TASK DIRECTIONS. As an exercise in exact copying, transcribe the lines below from the one holding "Merica Corgi 4th" through the last, with both ends included and pictures left out.

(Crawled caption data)
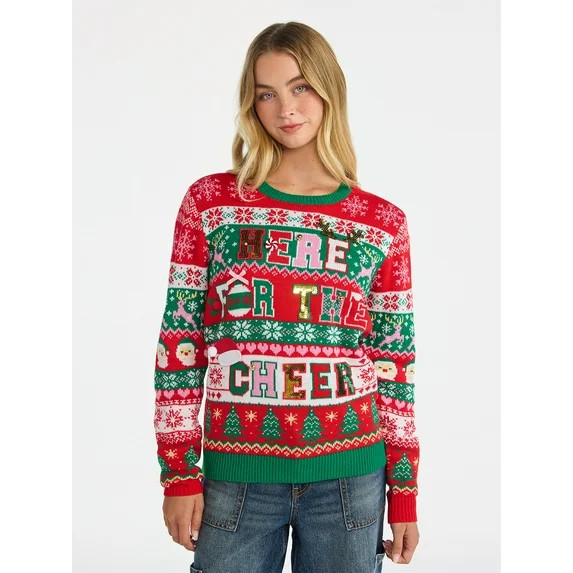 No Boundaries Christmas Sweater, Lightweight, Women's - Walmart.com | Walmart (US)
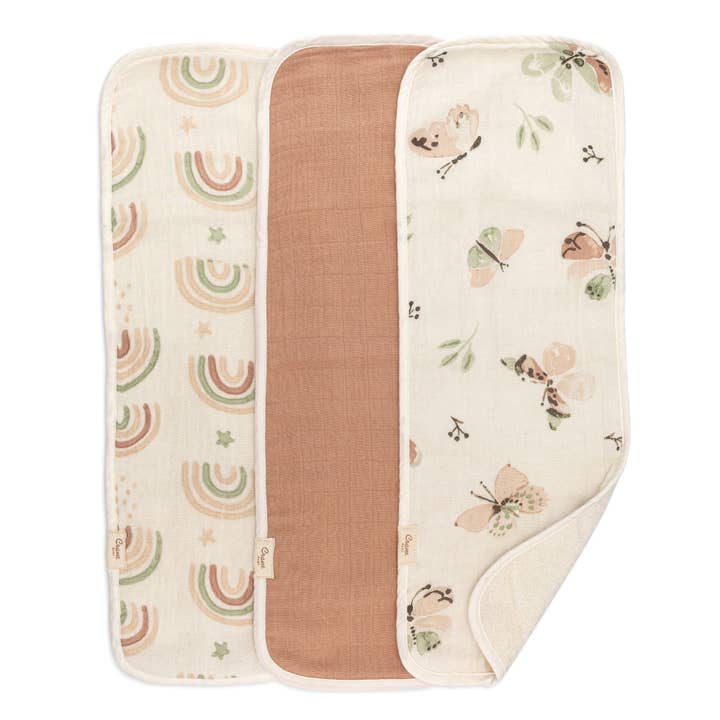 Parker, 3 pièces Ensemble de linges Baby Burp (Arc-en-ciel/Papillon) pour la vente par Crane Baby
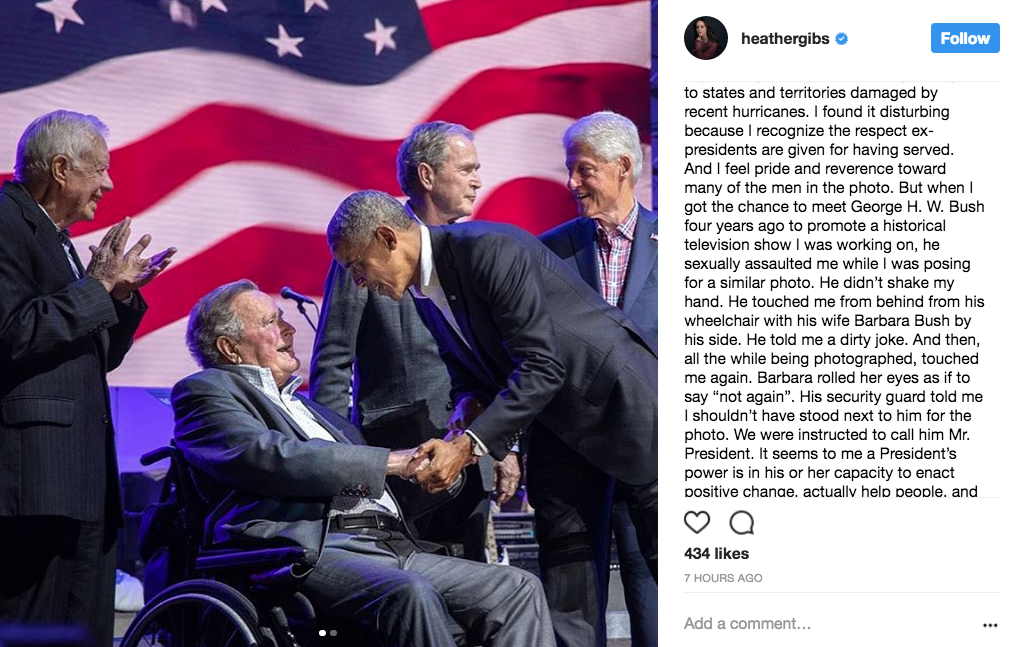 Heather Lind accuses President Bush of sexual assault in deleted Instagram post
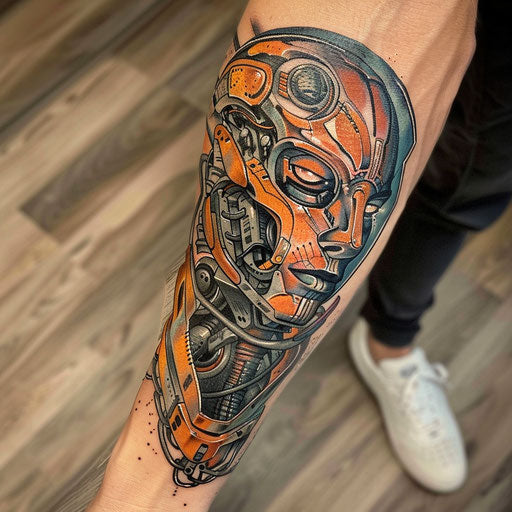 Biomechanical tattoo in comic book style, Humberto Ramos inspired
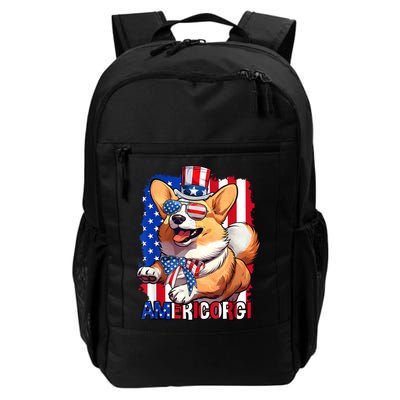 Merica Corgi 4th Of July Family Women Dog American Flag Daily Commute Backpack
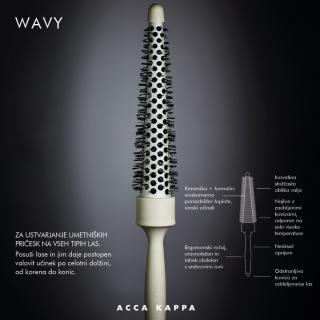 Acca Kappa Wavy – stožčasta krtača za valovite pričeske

ANSWER TO THE PROBLEM.
 Merica Corgi 4th Of July Family Women Dog American Flag Daily Commute Backpack
 Acca Kappa Wavy – stožčasta krtača za valovite pričeske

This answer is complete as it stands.